Et c’est tout logiquement qu’elle a accepté de participer à cette belle aventure de la création d’un nouveau média d’investigation, Disclose, présenté par un de ses fondateurs, Geoffrey Livolsi. Financée par des dons pour assurer son indépendance, cette nouvelle radiotélévision numérique a été présentée à cette occasion.
Sa tâche est immense, enquêter sur toutes ces affaires au croisement du public et du privé, qui mettent délibérément en jeu la santé humaine ou relèvent de la corruption, et qui ont besoin pour prospérer d’être dissimulées.
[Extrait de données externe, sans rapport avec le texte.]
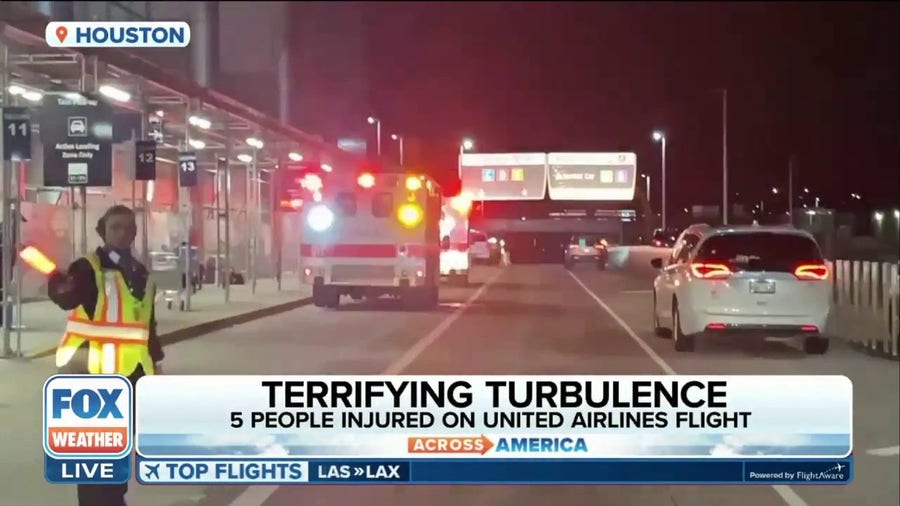 Five hospitalized after Houston-bound plane hits turbulance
Plutôt que de divertir le monde, le choix est fait d’aider à le transformer.
Quatrième acte de résistance
Qui de mieux placé pour conclure cette série d’interventions publiques, que François Veillerette ? Infatigable combattant contre les pesticides au sein de l’association Générations Futures qu’il préside, qui mieux que lui peut expliquer l’impact de toute cette chimie de synthèse sur le vivant ? Qui mieux que lui comprend la souffrance qu’endurent tous ces victimes ? Et c’est pour en finir avec ces poisons, qu’avec son ami de longue date Fabrice Nicolino il a lancé le jour des coquelicots, chaque premier vendredi de mois devant les mairies, avec un appel prolongé par une pétition pour que les pouvoirs publics retirent tous ces produits toxiques :
Cinquième acte de résistance porté à l’échelle nationale
C’est lui d’ailleurs qui se réjouira de toutes ces actions communes contre un lobby politicoéconomique mortifère et qui en parlera comme faisant toutes partie d’un système de la résistance contre ces empoisonnements permanents et délibérés de nos vies et de notre environnement.
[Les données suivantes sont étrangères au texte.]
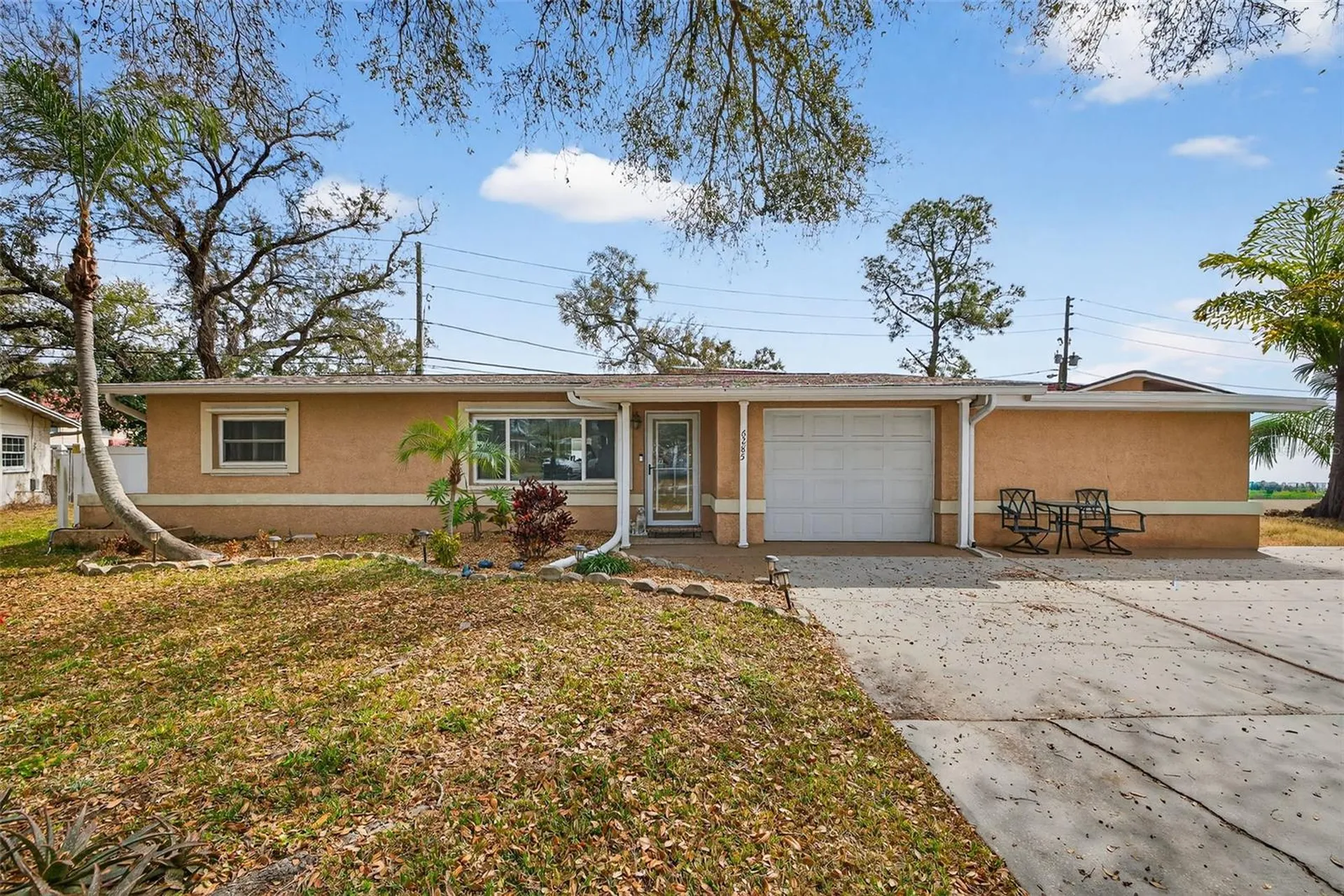 6285 101st Way Seminole FL 33772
La parole est alors à la salle et elle s’en est bien servie. Exploitant de la Confédération paysanne conscient des risques pris par l’usage des pesticides, qui demande du temps pour pouvoir s’en passer. Exploitant en agriculture biologique qui lui répond en lui disant que lui s’en est passé et qu’il vit bien. Pépiniériste qui raconte longuement comment il a baigné dedans et a cherché à en sortir. Employé de collectivités locales qui s’étonne de retrouver dans un détergent domestique la même molécule que celle qu’il n’utilise plus pour traiter les parterres communaux. Pisseur de glyphosate qui demande à chacun de faire analyser ses urines pour pouvoir ensuite porter une plainte collective contre les administrations qui ont accordé l’autorisation de mise sur le marché de cette molécule. Apiculteurs désespérés devant la mortalité massive des abeilles dans leurs ruches et qui se heurtent à l’inertie des pouvoirs publics. Etudiant dans une école d’agriculture qui raconte combien on lui parle de bio dans ses études, mais à qui on continue à enseigner les méthodes conventionnelles d’agriculture intensive gourmande en phytosanitaires, seul terme accepté pour parler des pesticides. Bref, la salle inscrit le sixième acte de la résistance.
Le septième nous attend …
… la fin de tous les poisons de l’agriculture intensive hors sols et l’interpellation judiciaire de tous les empoisonneurs. Qu’importe la longueur du chemin, n’oublions jamais vers où nous avançons.
Restait alors à conclure cette exceptionnelle soirée par la remise d’un bouquet de coquelicots aux défenseurs des victimes, François Lafforgue, et à l’initiateur de l’appel des coquelicots pour la sortie des pesticides et de l’agriculture intensive hors sols, François Veillerette.